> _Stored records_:
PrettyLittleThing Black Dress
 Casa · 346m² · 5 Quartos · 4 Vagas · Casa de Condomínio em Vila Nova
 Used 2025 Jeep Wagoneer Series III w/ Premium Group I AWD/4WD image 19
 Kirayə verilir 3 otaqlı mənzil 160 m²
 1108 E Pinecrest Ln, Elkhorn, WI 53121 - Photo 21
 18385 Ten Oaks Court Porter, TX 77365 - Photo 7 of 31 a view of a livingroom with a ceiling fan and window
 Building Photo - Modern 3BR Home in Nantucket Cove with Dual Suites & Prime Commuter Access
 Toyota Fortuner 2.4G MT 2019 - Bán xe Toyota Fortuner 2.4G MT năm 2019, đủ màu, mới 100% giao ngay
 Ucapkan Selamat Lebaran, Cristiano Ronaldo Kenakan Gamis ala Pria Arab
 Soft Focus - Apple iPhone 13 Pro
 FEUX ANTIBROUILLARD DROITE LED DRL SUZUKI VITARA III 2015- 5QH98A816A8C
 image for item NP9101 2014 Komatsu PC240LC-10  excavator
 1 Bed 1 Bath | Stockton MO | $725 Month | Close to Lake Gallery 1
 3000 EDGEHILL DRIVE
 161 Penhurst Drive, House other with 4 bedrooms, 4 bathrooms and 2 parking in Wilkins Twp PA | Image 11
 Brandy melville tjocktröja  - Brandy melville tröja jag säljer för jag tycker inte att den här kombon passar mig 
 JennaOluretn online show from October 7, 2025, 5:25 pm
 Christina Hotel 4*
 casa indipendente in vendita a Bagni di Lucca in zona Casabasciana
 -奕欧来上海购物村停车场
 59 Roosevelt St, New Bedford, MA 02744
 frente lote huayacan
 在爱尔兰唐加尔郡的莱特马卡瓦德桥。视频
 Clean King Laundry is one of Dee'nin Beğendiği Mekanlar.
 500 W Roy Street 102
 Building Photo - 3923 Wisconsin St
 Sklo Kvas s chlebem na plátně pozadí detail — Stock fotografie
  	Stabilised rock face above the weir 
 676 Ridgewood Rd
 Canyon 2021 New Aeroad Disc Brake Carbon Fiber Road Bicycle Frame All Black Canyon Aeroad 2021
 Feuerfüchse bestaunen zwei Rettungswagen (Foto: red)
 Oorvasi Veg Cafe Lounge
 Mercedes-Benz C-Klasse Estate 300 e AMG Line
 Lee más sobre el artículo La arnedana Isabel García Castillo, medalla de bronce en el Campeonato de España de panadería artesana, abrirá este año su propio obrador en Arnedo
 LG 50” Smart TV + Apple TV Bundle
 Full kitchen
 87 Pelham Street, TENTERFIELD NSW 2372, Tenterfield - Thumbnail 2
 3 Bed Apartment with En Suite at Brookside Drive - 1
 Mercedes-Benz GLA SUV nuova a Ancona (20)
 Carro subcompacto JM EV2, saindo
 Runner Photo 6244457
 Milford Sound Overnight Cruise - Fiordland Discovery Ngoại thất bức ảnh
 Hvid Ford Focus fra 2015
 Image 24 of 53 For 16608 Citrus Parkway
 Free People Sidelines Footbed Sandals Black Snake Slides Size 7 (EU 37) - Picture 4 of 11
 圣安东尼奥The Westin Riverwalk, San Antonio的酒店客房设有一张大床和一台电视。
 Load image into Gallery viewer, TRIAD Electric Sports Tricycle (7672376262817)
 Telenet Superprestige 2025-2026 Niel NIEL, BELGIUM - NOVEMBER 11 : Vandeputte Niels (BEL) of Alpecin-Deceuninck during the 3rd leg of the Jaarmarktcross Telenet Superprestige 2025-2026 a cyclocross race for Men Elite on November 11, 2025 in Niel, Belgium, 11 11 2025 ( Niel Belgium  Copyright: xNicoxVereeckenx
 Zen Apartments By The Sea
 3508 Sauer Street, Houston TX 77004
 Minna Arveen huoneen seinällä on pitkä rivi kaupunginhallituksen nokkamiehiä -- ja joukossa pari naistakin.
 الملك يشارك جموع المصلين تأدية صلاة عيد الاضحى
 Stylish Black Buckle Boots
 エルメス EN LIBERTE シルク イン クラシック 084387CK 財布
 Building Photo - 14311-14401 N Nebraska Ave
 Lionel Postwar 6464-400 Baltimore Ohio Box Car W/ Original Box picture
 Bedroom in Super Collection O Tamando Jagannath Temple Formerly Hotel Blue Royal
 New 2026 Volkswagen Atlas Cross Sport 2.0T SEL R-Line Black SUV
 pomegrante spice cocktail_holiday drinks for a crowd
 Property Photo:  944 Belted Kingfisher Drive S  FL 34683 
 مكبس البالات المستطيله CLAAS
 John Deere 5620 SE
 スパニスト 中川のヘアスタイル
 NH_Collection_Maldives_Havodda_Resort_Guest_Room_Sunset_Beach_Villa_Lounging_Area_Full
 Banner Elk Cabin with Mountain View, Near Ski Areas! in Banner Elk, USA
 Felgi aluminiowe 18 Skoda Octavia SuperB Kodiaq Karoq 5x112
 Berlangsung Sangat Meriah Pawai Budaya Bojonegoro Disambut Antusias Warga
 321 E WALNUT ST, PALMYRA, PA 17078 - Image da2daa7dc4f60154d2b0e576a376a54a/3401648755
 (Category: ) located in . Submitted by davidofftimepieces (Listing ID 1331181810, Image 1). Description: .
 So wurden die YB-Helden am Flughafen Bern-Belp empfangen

> _Your task_: Going through the records above line by line, count those that hold the word "Apple", and answer with the number only.

> _Solution_: 2